Lifeguards in training

Lifeguards in training
I'm not sure about other parts of the world but in South Africa there's a myth that black people can't swim - which is why I was (rightly or wrongly) surprised when I saw the three black trainee lifeguards to the left of this photo.

Now, obviously it's just silly to generalize like that, and even though the myth isn't true I'd have to guess that it holds at least some merit and that a much higher percentage of white people, vs. black, are able to swim.

I'd love some perspective on this from any of our black readers, so please leave a comment below if you have an opinion on the subject.

10 thoughts on “Lifeguards in training

  1. Paul

    Post author

    I wouldn’t know Steffe – haven’t heard anything to that effect, but as for blue people, well, they don’t swim so well. That is, unless they’re Smurfs of course – but then again, I’m not sure if they do too well at swimming. :)

  2. Ali Schwarzer

    When I was in South Africa, I also learned that black people can’t swim. :D A colleague of my former internship office told me that a local black staff member fell one time in a pool and started screaming since he thought he’d drown. A very low risk: The pool is only knee-deep. *lol*

  3. Ali Schwarzer

    Even though I unfortunately only know breast stroke, I love to swim. Swimming instruction is usually a subject of (at least) elementary school’s schedules, so I think most people in Germany can swim.

  4. gpa

    If you grow-up where water is full of danger , like crocs and Hippo’s then learning to swim is not high on the list .if later you are confronted with this immense river called ocean ,then swinning is even lower on you wish list.

  5. Steve Crane

    It is undoubtedly a cultural/racial stereotype that may be based on fact but attributed to the wrong cause.

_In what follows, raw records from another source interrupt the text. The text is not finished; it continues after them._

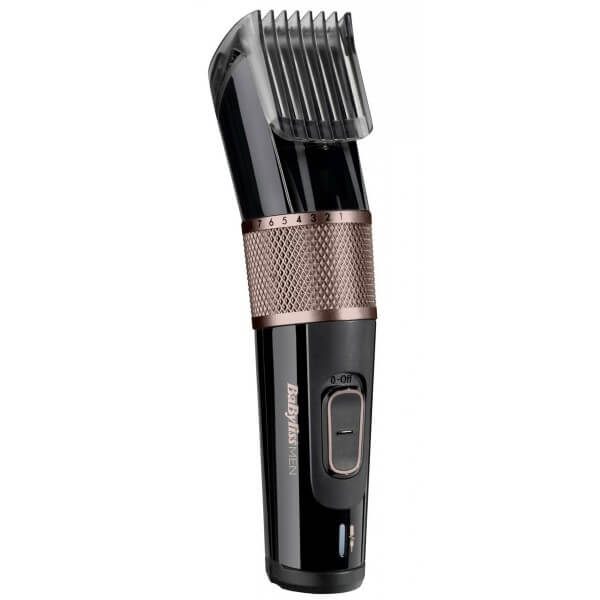BaByliss E974E Power Glide Hair Clippers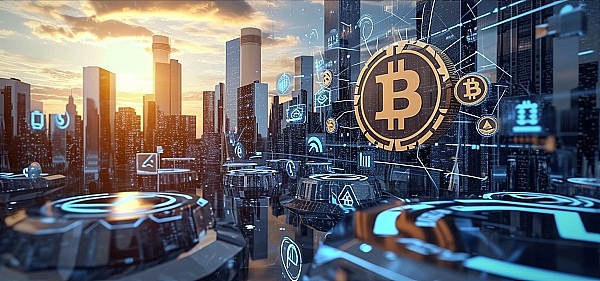 渣打系Zodia开启机构加密理财新时代：从托管到收益的一站式服务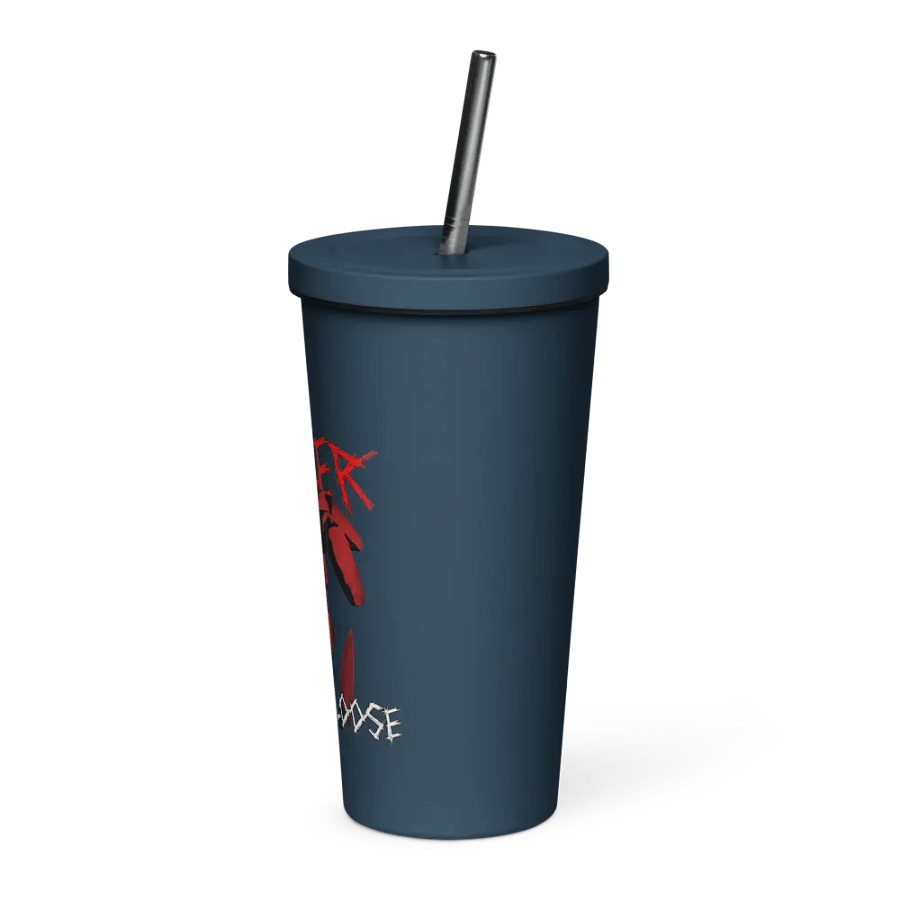 KILLER - Eco-Friendly Tumbler! product image (4)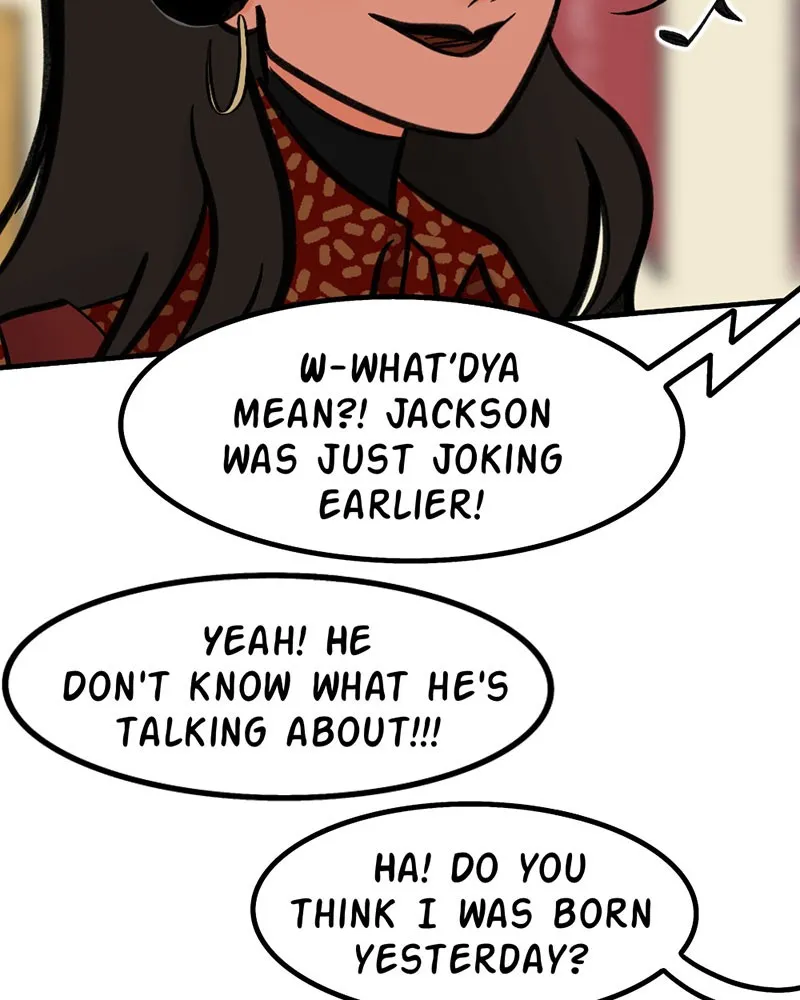 Jackson's Diary Chapter 142 page 4 - 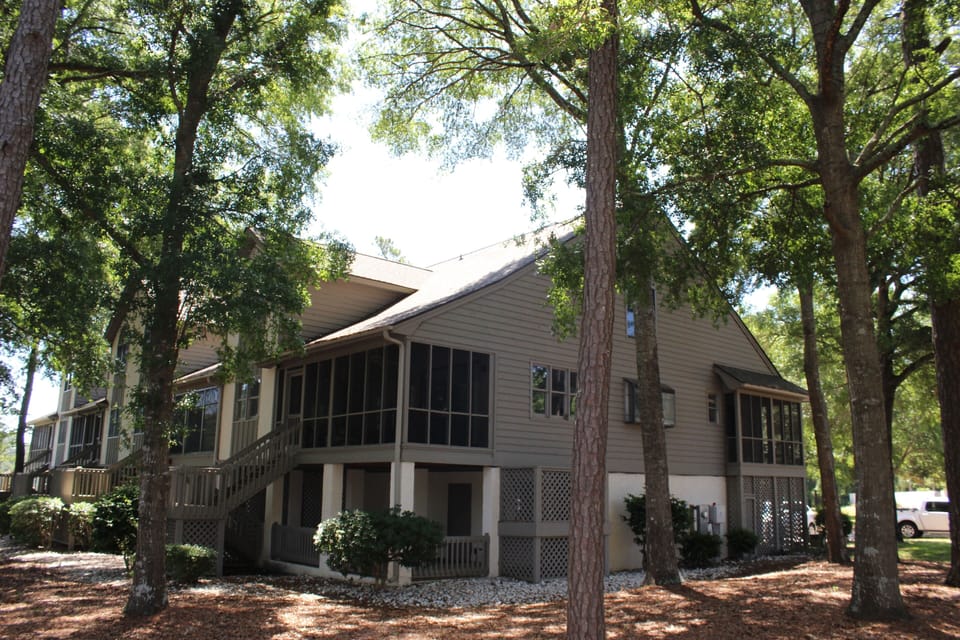 Side View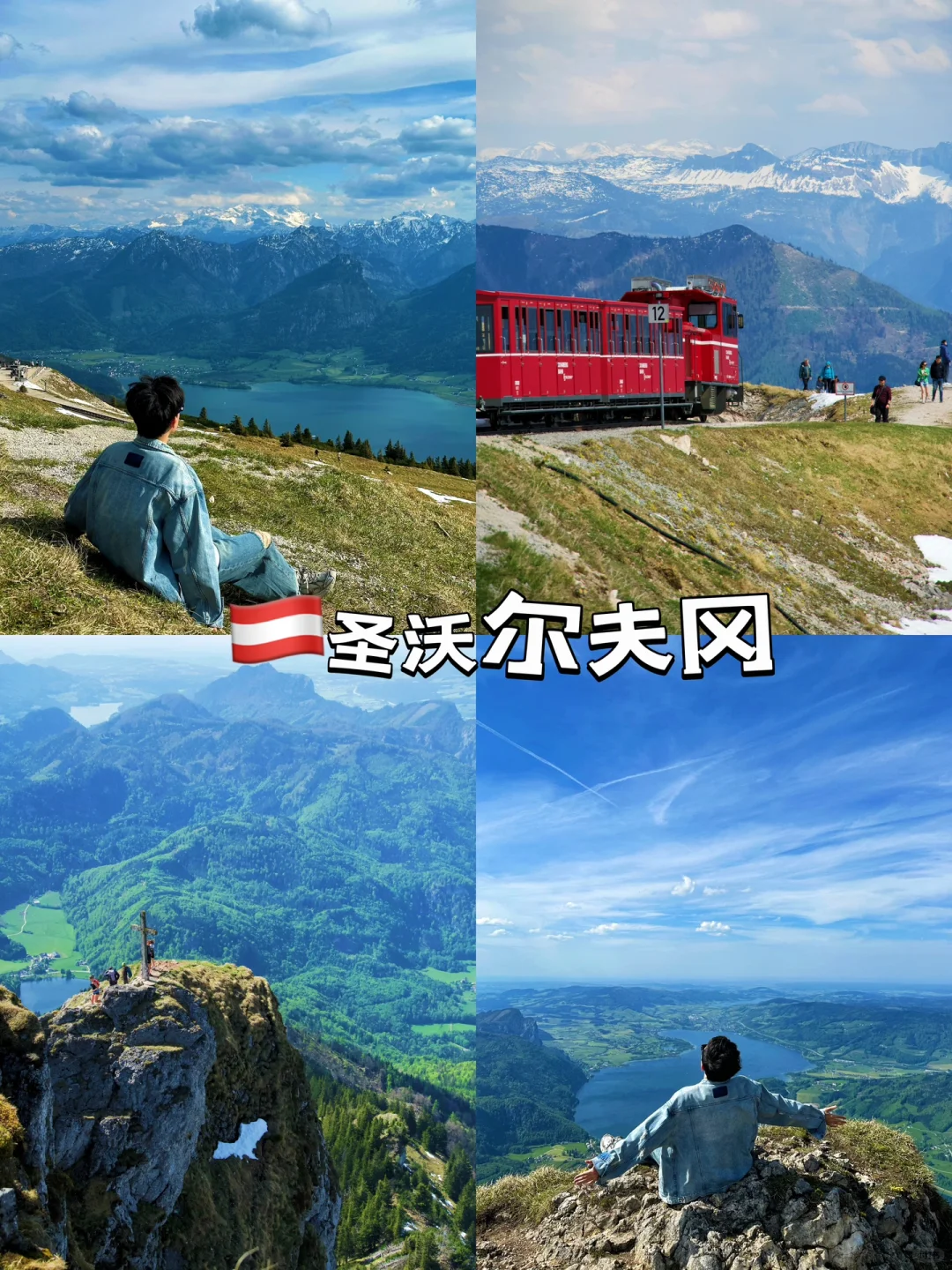 匈牙利|奥地利|捷克|中欧自由行保姆攻略‼️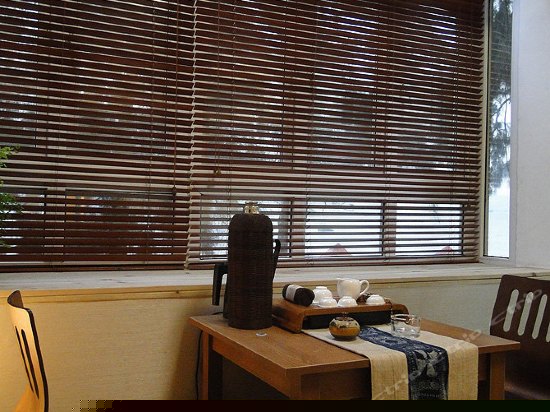 榻榻米全海景双人房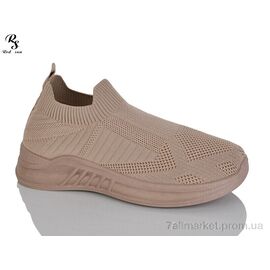 Кросівки жіночі модні Літо 2026-12-6 (8 пар р.36-41) "Red Sun" недорого оптом від прямого постачальника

    I suspect that fewer South African blacks than whites being able to swim probably stems from access to swimming pools. As whites there is a good chance that our schools had swimmimg pools and swimming lessons were part of our school curriculum; or at the very least we had access to a local public swimming pool. The majority of blacks on the other hand would probably not have had access to school or public swimming pools prior to 1994 and recreational swimming would thus have been limited. Nothing to do with the mere fact of their being black, but rather circumstance forced on them by being black.

  6. Paul

    Post author

    Interestingly, my parents never had a swimmingpool, nor did the schools that I attended. We did however go to the beach, and on holiday to places that had pools. I vaguely also recall that one of my friends had a pool… I just can’t quite recall where I learned to swim.

    But still, you’re probably right though Steve – it probably has to do with access to pools. Also, in terms of the greater rural Africa, it’s not normally not a great idea to swim with crocodiles and hippos. :)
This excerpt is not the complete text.